> Collected data entries

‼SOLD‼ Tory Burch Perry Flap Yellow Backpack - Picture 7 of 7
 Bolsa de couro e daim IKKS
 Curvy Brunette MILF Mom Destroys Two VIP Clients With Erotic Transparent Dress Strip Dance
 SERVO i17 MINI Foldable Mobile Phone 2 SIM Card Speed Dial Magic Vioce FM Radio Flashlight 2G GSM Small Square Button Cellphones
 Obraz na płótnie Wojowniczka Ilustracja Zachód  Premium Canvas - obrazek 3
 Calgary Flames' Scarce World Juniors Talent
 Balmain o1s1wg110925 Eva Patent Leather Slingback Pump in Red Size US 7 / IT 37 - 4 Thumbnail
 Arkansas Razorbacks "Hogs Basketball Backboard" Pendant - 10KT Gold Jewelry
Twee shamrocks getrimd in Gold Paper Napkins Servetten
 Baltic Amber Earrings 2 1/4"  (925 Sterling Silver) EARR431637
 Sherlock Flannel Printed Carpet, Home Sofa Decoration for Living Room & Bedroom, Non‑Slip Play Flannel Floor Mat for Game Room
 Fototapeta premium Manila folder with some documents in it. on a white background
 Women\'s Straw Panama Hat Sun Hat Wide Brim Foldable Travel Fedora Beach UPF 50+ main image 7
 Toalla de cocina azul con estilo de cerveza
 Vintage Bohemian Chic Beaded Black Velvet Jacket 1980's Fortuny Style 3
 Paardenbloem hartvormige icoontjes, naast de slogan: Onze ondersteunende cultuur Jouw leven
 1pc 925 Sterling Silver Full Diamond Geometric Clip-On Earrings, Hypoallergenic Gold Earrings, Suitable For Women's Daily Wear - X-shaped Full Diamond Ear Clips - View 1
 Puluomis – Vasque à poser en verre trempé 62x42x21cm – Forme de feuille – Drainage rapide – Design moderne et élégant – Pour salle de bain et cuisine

> TASK TO COMPLETE
How many of the lines above hold the word "Women"? State that number and nothing else.

> WRITTEN RESPONSE
2